John Summerfield Staples: In the Shadow of History | Legend and Legacy
This series endeavors to recognize him, his legacy, and the unusual military position he occupied as the “Representative Recruit” of President Abraham Lincoln. Installments of this series appeared in each edition of The Fanlight through Spring 2015 and the anniversary of the ending of the Civil War.
PART FIVE of FIVE
Click here to start at the beginning of the story.
Links at the bottom of each article will take you to the next installment.
I first heard of John Summerfield Staples in the summer of 1973 when I was 25.
Intrigued by and curious about his Civil War experience, I began researching his life and times as time permitted. The more familiar he became to me, the more fascinated I became with him.
Many have risen to positions of power and glory only to end up as footnotes in seldom-read history books. Staples is different — he’s always been a footnote. His position as President Lincoln’s representative in the Union Army is certainly unique in military history, but attempts to recognize and honor him have not exactly ignited the public’s interest, although there have been some highlights.
Consider the following:
1909 — This year marked the 100th anniversary of Lincoln’s birth and the nation’s interest in the 16th president was awakened. Historians and biographers accommodated the public with books and articles, and Summerfield rode the same rising tide, to a much smaller degree, as Lincoln and his generals.
1910 — A. Mitchell Palmer, a prominent Stroudsburg attorney, was serving as a U.S. Congressman in 1910. He introduced a bill that would appropriate $20,000 to erect a statue or monument to Staples on the courthouse square.
Honoring Staples while, at the same time, generating a few tourist dollars sounded like a good idea, so the local papers all came out strongly in favor of this endeavor. The bill, however, died in committee. Staples was not seen as a national figure and his service was not viewed as a national event. Consequently, no money, no statue.
1933 — The Pennsylvania state highway department constructed a new bridge over the Pocono Creek on West Main Street in 1933. The local Knights of Malta dedicated and named the bridge for Staples, ordered a plaque to be installed, and arranged a ceremony for the grand opening.
Politicians, dignitaries, marching bands and even Staples’ great niece, 10-year-old Eleanor Symons from Dickson City, gathered at this well-attended event.
Little Eleanor pulled a cord, which unveiled the plaque and the President Judge of Monroe County declared the bridge open, after pouring a cup of water from the creek over the plaque.
This was the high-water mark of recognition for Summerfield. For more than 20 years, both bridge and plaque served their intended purpose and thousands of students became familiar with his name, if not his service, as they crossed his memorial bridge on their way to school.
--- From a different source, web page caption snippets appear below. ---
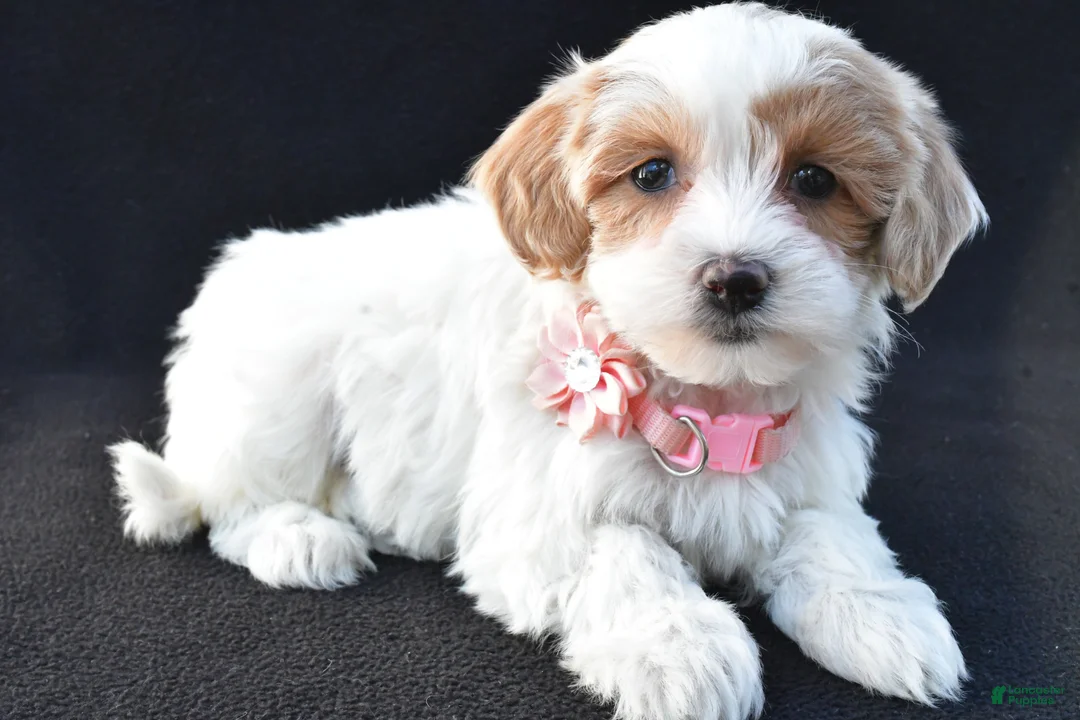 Maltipoo dogs for sale: Misty - Ad 2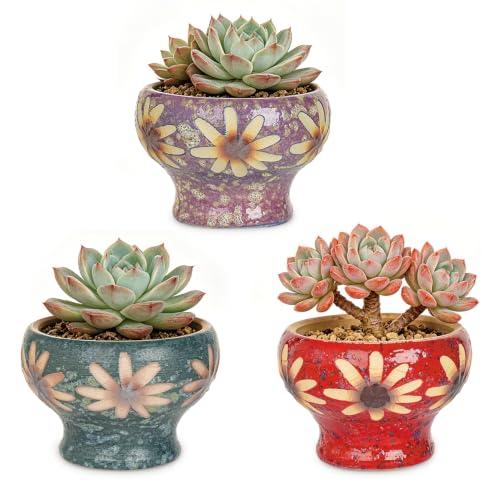 Sungmor Small Succulent Planters Set of 3, Beautiful Hand Crafted Ceramic Plant Pots Cute Cactus Pot, 4.9 Inch Flower Pots for Indoor Plants with Drainage, Desktop Windowsill Home Office Decor Pots - color: Style-f (Dia.: 4.9inch & H: 3.5inch)
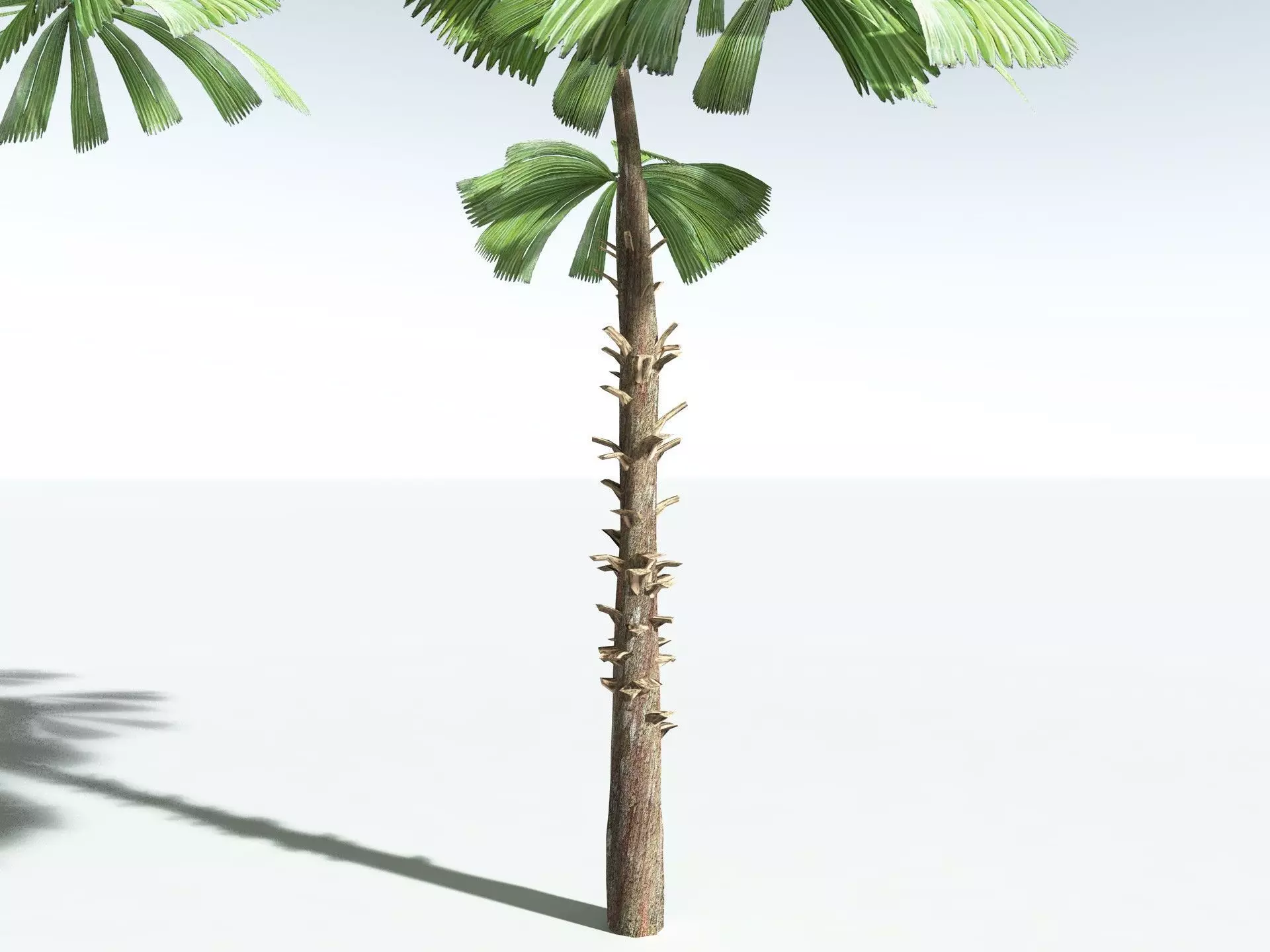 EVERYPlant Australian Fan Palm LowPoly Low-poly 3D model_25
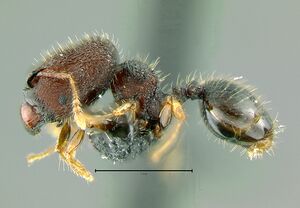 Pheidole-fantasiaLM4x.jpg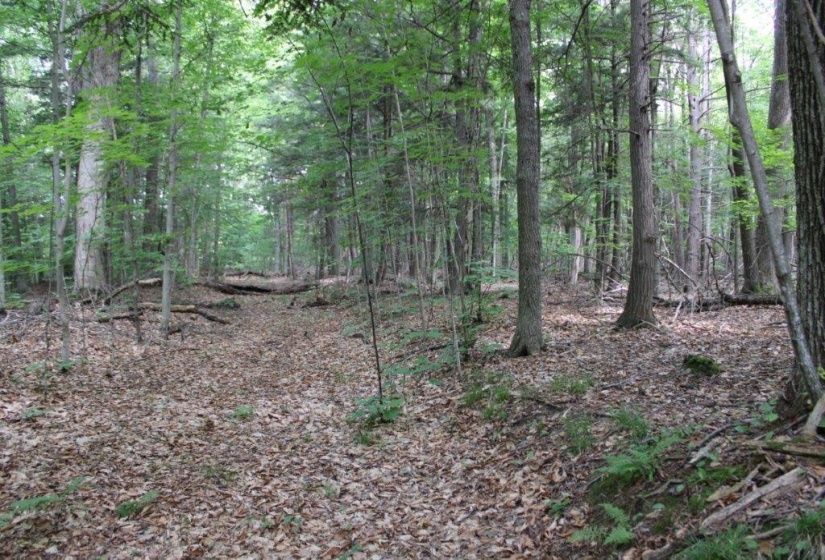 Part of private road looking southwest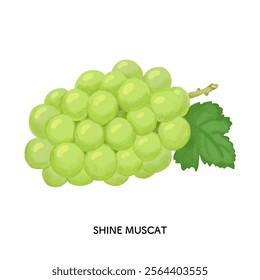 Shine Muscat Colored Pencil Touch Illustration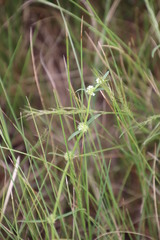 Spermacoce natalensis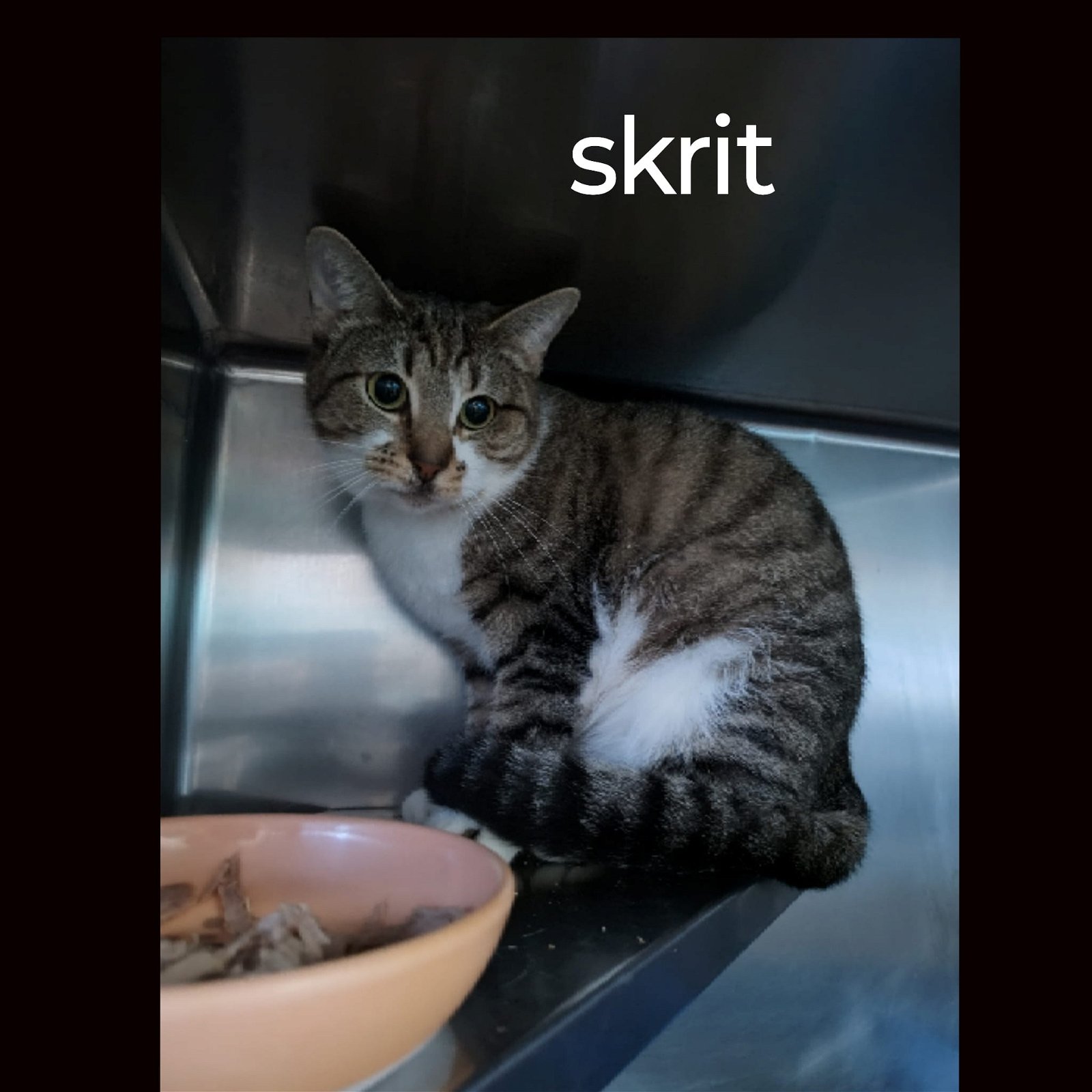 adoptable Cat in Martinsburg, WV named Skrit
The devastating flood of 1955 took the bridge down-stream and the plaque went with it. The bridge was rebuilt, but the plaque remains lost.
Over the next 20 years, there was little activity honoring Staples.
1987 — In 1987, thanks to the local chapter of the Daughters of the American Revolution, Staples’ badly worn and almost illegible headstone was replaced.
The original grave marker from 1888 is now on display in the basement exhibit space of the Stroud Mansion, headquarters of the Monroe County Historical Association, a fitting and honorable final resting place for it.
1990 — In 1990, 35 years after losing the original plaque to the 1955 flood, a new plaque was installed on the bridge, and another dedication service was held. Although not as elaborate or as well attended as the first, it demonstrated the good intentions of the local citizens toward their native son.
1995 — All seemed well until 1995, when a group of vandals, obviously interested in local history, stole the plaque off the bridge.
This plaque, like the original, was never recovered.
Today — It is astounding to me that Punxsutawney Phil gets an annual day of recognition, while acknowledgement for John Summerfield Staples remains sporadic at best. His unselfish service, like that of all citizen-soldiers, should not stand in the shadow of history, but in the bright light of a well-remembered legacy.
A legacy of service, without regard for recognition.